Copy each line of the records exactly, stopping only after the line that contains "New 2026 Nissan" has been written, and leave pictures out.

Start of Dataset extract

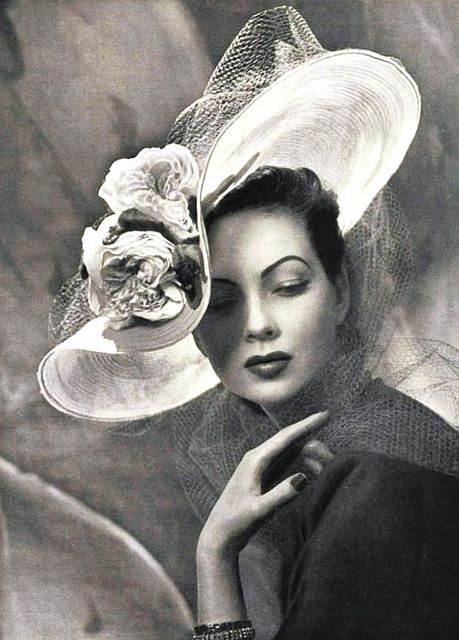 Foto Tips, 50 Style, Pierre Balmain, Wearing A Hat, Jolie Photo, Moda Vintage, Beautiful Hats, 인물 사진, Vintage Glamour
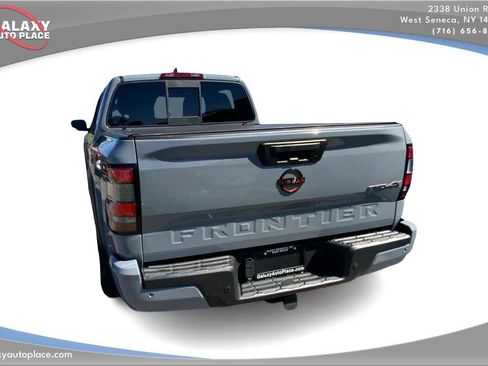 Used 2022 Nissan Frontier PRO-4X AWD/4WD image 7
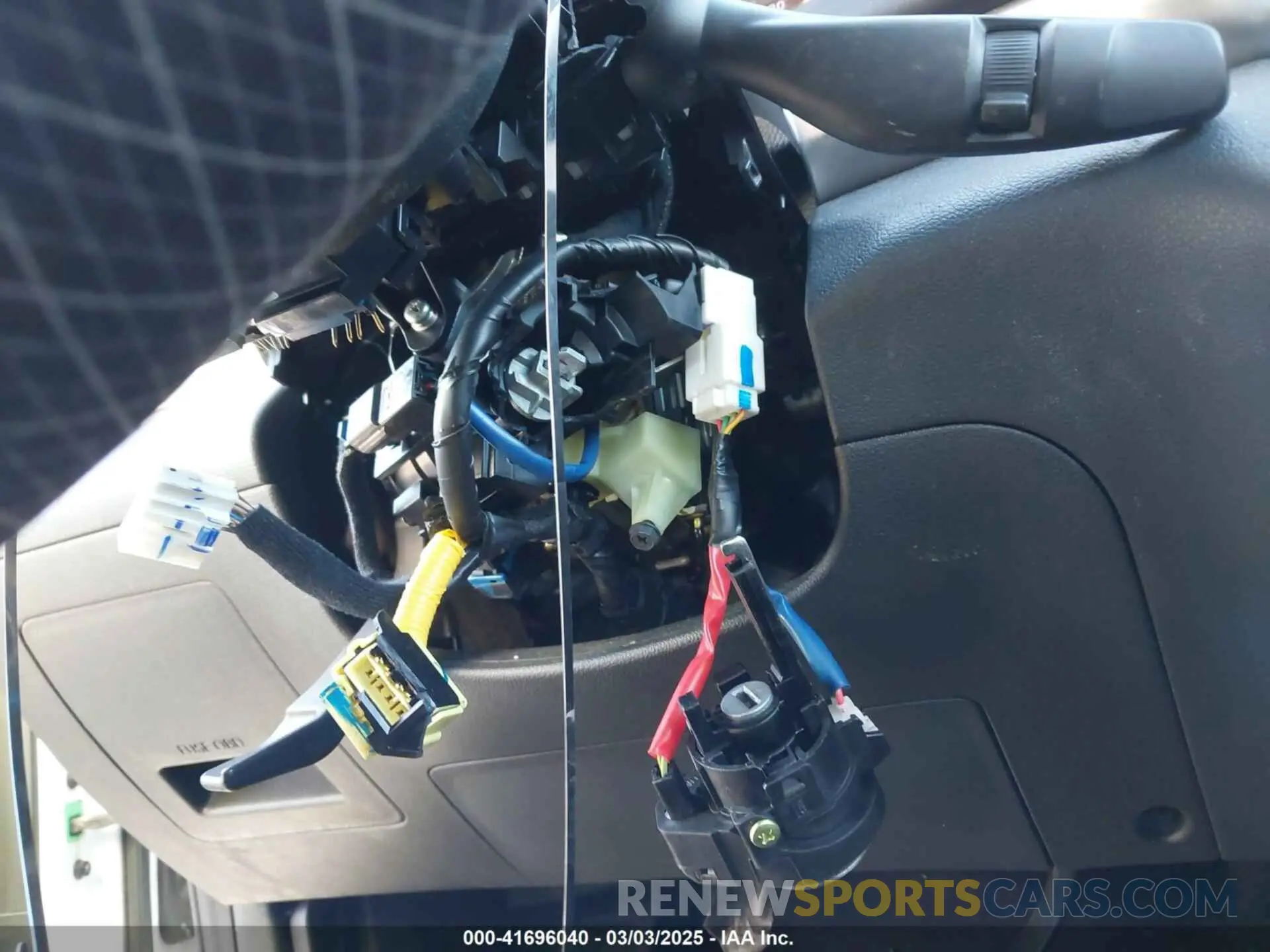 17 Photograph of a damaged car 5NPD74LF7KH433485 HYUNDAI ELANTRA 2019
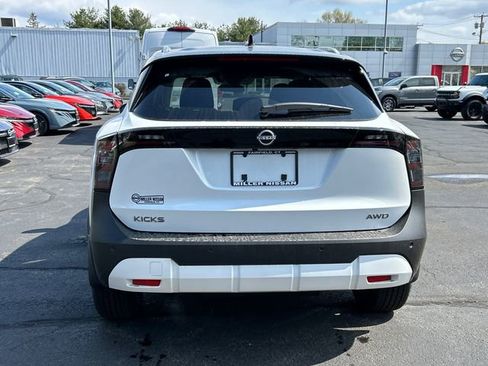New 2026 Nissan Kicks SV w/ SV Premium Package AWD/4WD image 3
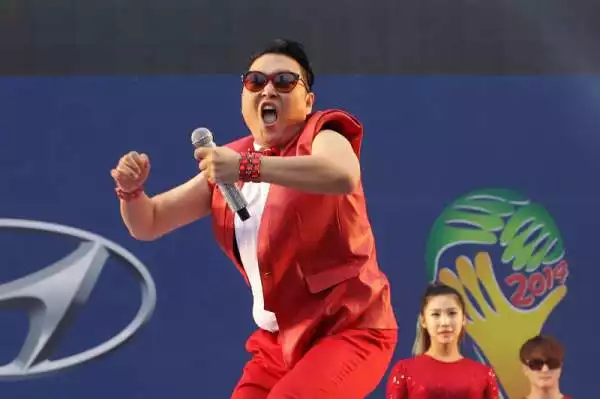 Il cantante Psy si esibisce sul palco durante una proiezione pubblica della partita tra Corea del Sud e Russia a Seoul, Corea del Sud.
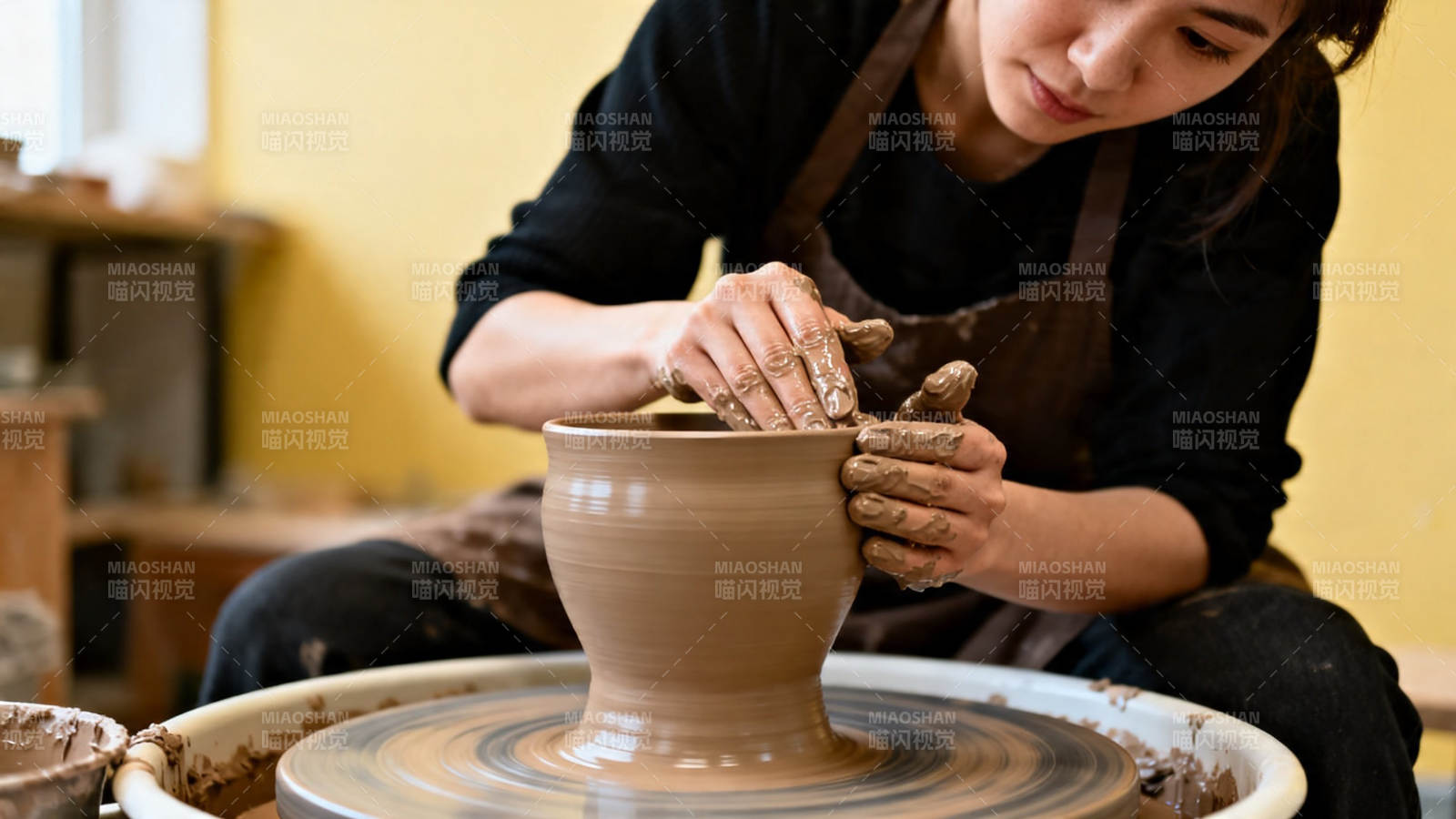 陶艺师专注拉坯成型图片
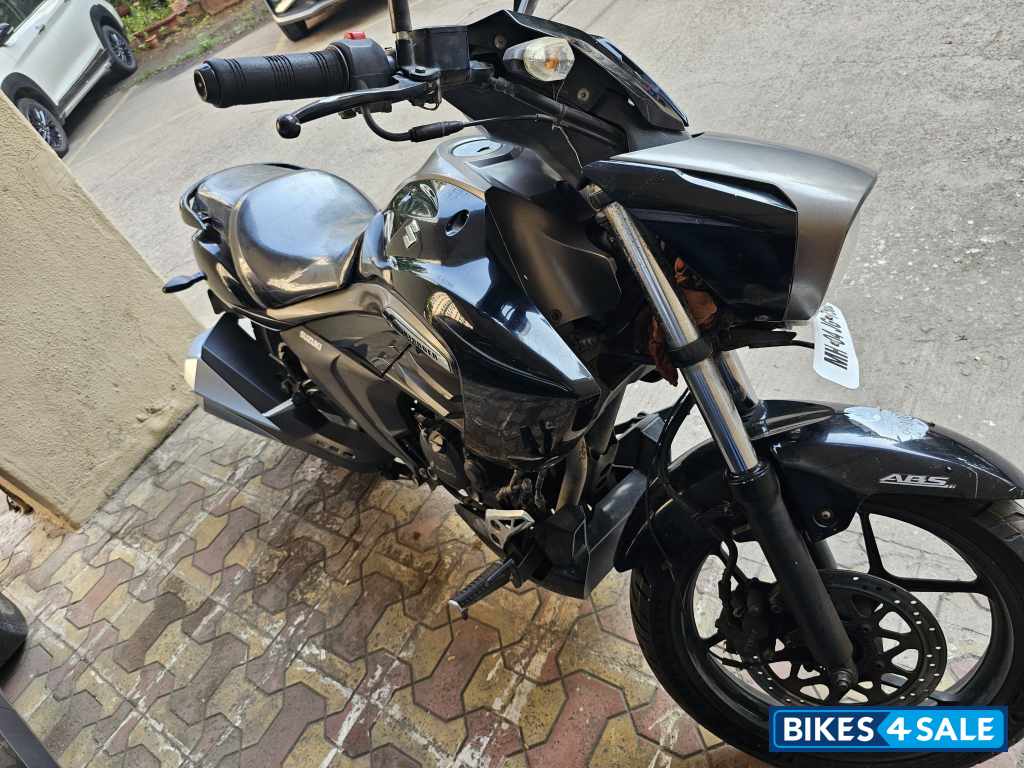 Black Suzuki Intruder 150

End of Dataset extract

:: Problem solution ::
 Foto Tips, 50 Style, Pierre Balmain, Wearing A Hat, Jolie Photo, Moda Vintage, Beautiful Hats, 인물 사진, Vintage Glamour
 Used 2022 Nissan Frontier PRO-4X AWD/4WD image 7
 17 Photograph of a damaged car 5NPD74LF7KH433485 HYUNDAI ELANTRA 2019
New 2026 Nissan Kicks SV w/ SV Premium Package AWD/4WD image 3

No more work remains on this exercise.